> Exercise prompt
Only the lines from the one containing "Wooden blocks with" through the end of the data below are to be repeated, exactly as given, without pictures.

> Listed records
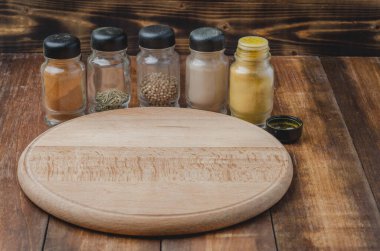 Çeşitli baharatlar, tahta kesme tahtası ve ahşap arka planda pişirme aletleri.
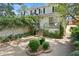 Backyard patio with lush landscaping, brick steps, and two story home with black shutters at 19 Ashley Ave, Charleston, SC 29401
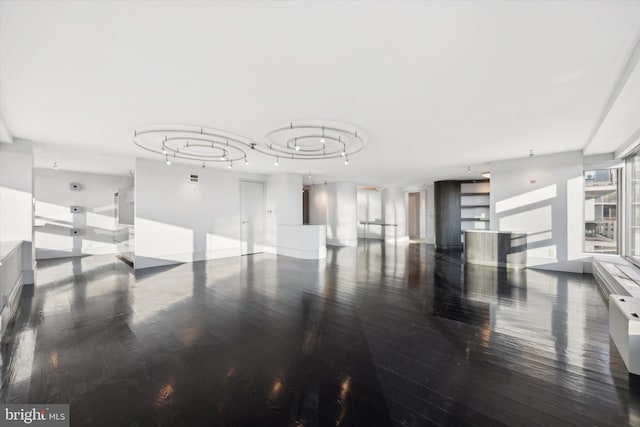 empty room featuring hardwood / wood-style flooring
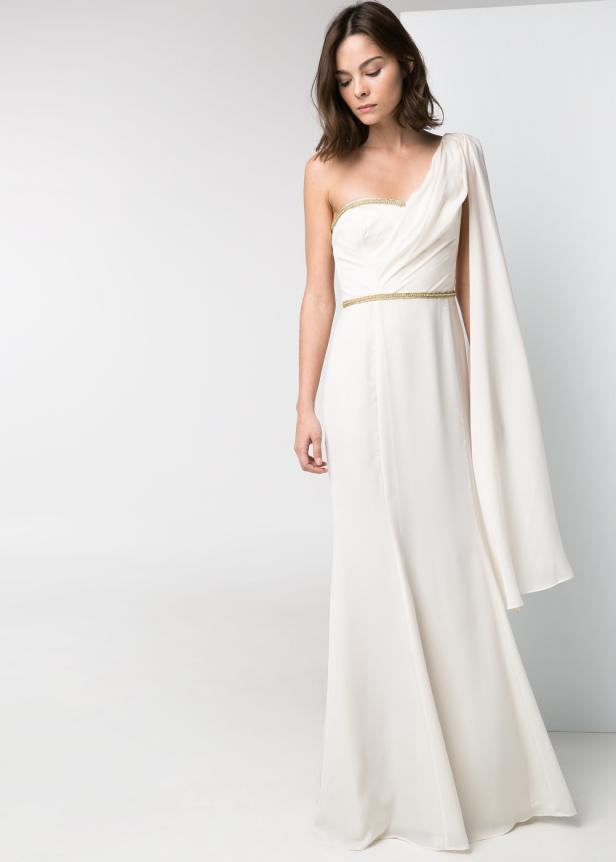 Eine Frau trägt ein elegantes, weißes, schulterfreies Kleid mit goldenem Gürtel.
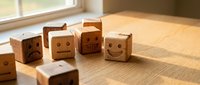 Wooden blocks with carved emoji faces showing various emotions arranged on a sunlit table, representing mood tracking and mental health concepts.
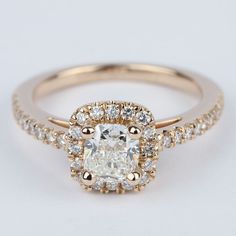 an engagement ring with a cushion cut diamond surrounded by small round diamonds on the band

> Solution to this problem
 Wooden blocks with carved emoji faces showing various emotions arranged on a sunlit table, representing mood tracking and mental health concepts.
 an engagement ring with a cushion cut diamond surrounded by small round diamonds on the band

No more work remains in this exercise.